So, what’s all this madness about meatless patties?

Well, apparently the investing universe has become so enamored of Beyond’s fairy tale growth story including predictions that a third of Americans and Europeans will move to meat alternatives in five years’ time.

Related: The World’s Largest Gold Buyer Is Now Russia

But what many investors are ignoring is that many Americans are still unwilling to ditch their beef hamburgers for some veggie burgers. According to Nielsen data, 21.6 of U.S. households currently purchase meat alternatives. While that sounds impressive, the vast majority--98 percent according to the study--still buy the real thing from grocery stores thus proving that the demand for meat substitutes is coming from the so-called flexitarians. Actually the market for meatless meats is still puny--last year, U.S. consumers bought $893 million worth of meat substitutes compared to $95 billion on actual meat.

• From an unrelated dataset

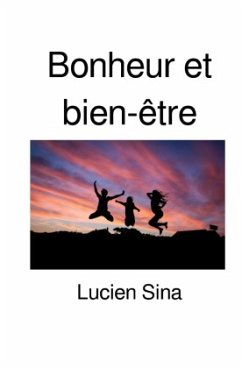 Bonheur et bien-être - Sina, Lucien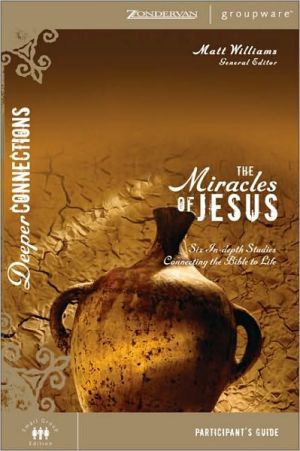 Miracles of Jesus Participant's Guide: Six In-depth Studies Connecting the Bible to Life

Not to mention that BYND is not alone in this market and will have to square it off against heavy weights like Tyson Foods, Kellogg Co (NYSE:K), European giant Nestle S.A. (OTCPK:NSRGF) and Morningside Farms which currently supplies McDonald’s Corp. (NYSE:MCD).

Most worrying of all though is that Beyond Meats is yet to demonstrate a clear path to profitability. The company has mainly been focussing on ramping up its production capacity as it anticipates growing demand for its products. However, it’s treading on uncharted waters since it’s not yet clear how much long-term demand is really out for its products. 

Investors will definitely bolt if the company starts reporting a surplus of Beyond Burgers And Beyond Sausages.

Investing in cult stocks

The BYND stock massacre clearly highlights the dangers of investing in cult stocks. 

A huge chunk of the company’s share float is in the hands of shorts and day traders--a clear recipe for disaster due to high volatility. Bear in mind that only about 20 percent of the company’s 60 million shares are publicly traded with the rest set to become available when the lock-up period expires on 29th October 2019. It probably won’t be until then when we get a good sense of how the shares are likely to perform over the mid- and long-term.

That’s not to say that cult stocks are inherently bad. On the contrary, they can be some of the most profitable securities in the market. Even at a share price of $190, BYND shares are still up an impressive 660 percent from the IPO price of $25. It’s just that investors have to be careful not to get swept in too much that they end up ignoring the attendant risks.